La députée LFI de Paris Sophia Chikirou a défendu cette motion de rejet en dénonçant un texte "fourre-tout", qui n'atteindra pas les objectifs de protection des citoyens qu'il se fixe, mais qui risque de mettre "gravement (...) en péril" les libertés individuelles. En ligne de mire, une disposition du projet de loi, ajoutée en commission à l'Assemblée, qui veut généraliser l'affectation à chaque internaute d'une "identité numérique".
"Cette loi vise à ouvrir le chemin du contrôle d'identité pour l'accès à internet et aux services d'internet", a critiqué Sophia Chikirou.
Le projet de loi ouvre aussi la possibilité pour l'Etat "d'exiger le blocage de certains sites". "Comment garantir qu'à terme un gouvernement ne l'utilise pas à des fins politiques ?", s'est alarmée l'élue.
"Protection des citoyens, des enfants et des entreprises"
Mais si nombre de députés partagent les inquiétudes de la France insoumise concernant les "dérives" potentielles du texte en matière de libertés publiques, les orateurs des groupes ont quasiment tous dit leur volonté d'examiner le texte.
"Nous voulons aller au débat", a déclaré le député RN Aurélien Lopez-Ligori, même s'il s'est dit inquiet de la "généralisation de l'identité numérique", un "pas de plus vers une société de surveillance".
Pour le député Hervé Saulignac (PS), le texte soulève des "sujets graves, sérieux", et s'il est "fourre-tout", cela ne "semble pas justifier un rejet". Le député EELV Aurélien Taché est le seul député hors LFI à avoir voté pour la motion, s'alarmant lui aussi de "libertés numériques en danger".
Prenant appui sur les règlements européens sur les services numériques et les marchés numériques (DSA et DMA), le texte a pour "fil rouge", la "protection des citoyens, des enfants et des entreprises", avait expliqué le ministre délégué chargé du Numérique Jean-Noël Barrot.
Le rapporteur général du texte, le député Paul Midy (Renaissance) avait défendu de son côté une loi qui vise à mettre de l'ordre dans le "far west" d'internet, à l'heure où "50% des jeunes" disent s'être fait harceler en ligne, où "80% des enfants ont été exposés à la pornographie à cause d'internet", et où "neuf millions de français se font arnaquer chaque année".

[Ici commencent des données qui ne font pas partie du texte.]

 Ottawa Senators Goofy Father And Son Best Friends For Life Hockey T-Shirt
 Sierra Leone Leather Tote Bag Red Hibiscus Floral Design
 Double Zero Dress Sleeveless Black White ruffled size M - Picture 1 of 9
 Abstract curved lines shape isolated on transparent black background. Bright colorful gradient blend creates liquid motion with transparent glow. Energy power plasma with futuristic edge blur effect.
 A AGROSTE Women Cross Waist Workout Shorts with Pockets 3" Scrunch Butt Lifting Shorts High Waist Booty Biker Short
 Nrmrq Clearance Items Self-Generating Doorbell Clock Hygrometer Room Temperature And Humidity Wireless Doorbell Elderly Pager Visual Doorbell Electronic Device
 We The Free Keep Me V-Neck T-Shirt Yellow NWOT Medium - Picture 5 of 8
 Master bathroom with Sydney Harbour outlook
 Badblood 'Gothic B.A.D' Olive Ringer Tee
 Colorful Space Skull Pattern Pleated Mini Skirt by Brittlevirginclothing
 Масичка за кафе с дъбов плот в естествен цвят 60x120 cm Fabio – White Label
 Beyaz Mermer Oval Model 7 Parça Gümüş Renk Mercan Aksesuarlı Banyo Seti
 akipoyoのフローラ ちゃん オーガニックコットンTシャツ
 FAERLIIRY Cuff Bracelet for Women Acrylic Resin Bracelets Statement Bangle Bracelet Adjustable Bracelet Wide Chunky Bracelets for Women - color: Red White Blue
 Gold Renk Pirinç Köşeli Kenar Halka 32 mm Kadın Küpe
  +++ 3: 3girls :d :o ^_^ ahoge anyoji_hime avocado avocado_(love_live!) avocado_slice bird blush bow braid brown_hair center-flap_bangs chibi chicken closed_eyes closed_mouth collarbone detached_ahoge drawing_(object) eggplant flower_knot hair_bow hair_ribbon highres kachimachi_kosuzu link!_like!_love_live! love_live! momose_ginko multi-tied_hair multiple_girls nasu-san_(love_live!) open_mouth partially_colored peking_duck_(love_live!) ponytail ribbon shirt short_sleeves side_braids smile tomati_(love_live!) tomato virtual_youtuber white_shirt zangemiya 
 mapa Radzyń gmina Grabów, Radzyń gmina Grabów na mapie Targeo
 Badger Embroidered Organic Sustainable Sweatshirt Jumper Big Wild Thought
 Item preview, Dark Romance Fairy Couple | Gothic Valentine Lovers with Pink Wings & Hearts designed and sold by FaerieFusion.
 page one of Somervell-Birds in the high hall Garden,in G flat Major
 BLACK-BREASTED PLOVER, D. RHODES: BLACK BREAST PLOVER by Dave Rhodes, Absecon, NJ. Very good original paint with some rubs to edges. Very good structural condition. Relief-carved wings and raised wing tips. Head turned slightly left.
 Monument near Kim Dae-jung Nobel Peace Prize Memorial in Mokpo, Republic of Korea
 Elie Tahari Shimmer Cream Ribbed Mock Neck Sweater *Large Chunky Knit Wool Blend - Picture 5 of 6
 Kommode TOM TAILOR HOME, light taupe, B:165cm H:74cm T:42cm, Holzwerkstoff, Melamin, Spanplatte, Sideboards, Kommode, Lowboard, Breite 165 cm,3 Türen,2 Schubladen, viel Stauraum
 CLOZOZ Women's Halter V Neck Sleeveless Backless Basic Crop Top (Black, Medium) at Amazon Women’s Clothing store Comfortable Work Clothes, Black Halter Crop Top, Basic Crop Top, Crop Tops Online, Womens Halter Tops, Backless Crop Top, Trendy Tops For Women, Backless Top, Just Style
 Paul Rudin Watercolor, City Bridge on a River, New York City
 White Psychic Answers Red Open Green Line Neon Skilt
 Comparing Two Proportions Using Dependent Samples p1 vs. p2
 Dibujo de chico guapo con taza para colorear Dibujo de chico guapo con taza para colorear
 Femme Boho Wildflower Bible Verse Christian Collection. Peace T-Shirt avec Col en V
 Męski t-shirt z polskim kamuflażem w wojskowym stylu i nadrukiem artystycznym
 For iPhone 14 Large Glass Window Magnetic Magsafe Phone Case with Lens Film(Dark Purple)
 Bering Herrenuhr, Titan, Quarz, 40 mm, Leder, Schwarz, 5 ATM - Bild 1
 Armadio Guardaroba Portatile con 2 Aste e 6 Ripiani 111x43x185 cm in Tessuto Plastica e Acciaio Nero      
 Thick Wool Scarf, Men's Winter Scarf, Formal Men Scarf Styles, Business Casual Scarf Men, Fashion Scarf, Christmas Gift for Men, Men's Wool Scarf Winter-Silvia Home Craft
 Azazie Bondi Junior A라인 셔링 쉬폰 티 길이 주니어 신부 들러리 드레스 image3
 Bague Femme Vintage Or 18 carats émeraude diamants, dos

Le projet de loi donne notamment la possibilité à une autorité administrative de bloquer les sites pornographiques n'empêchant pas les mineurs d'accéder à leur contenu. Il donne aussi des devoirs de modération aux grandes plateformes de réseaux sous peine de sanctions pécuniaires, il crée une "peine de bannissement des réseaux sociaux" pour les cyberharceleurs, et propose d'instaurer des amendes pour les auteurs de discours haineux.
Un cadre légal jugé peu opérant
Le texte propose aussi de réglementer le "cloud" pour permettre davantage de concurrence parmi les fournisseurs d'infrastructure et de services informatiques, ou d'encadrer le lancement à titre expérimental de "Jeux à objets numériques monétisables" (Jonum), un mix entre jeux d'argent et de hasard d'un côté et jeux vidéo de l'autre.
Il pourrait également accueillir des éléments du plan de lutte contre le harcèlement scolaire (confiscation du téléphone portable, bannissement des réseaux dans le cadre d'un contrôle judiciaire).
Plusieurs députés se sont montrés critiques vis-à-vis des articles concernant les "Jonum". "Nous ouvrons une brèche importante dans l'interdiction sauf dérogation des jeux d'argent et de hasard", a dit la députée Soumya Bourouaha (PCF).
Les critiques ont également plu sur les dispositions concernant les sites pornographiques, certains députés se mettant à l'unisson des associations de protection de l'enfance pour juger peu opérant le cadre légal prévu.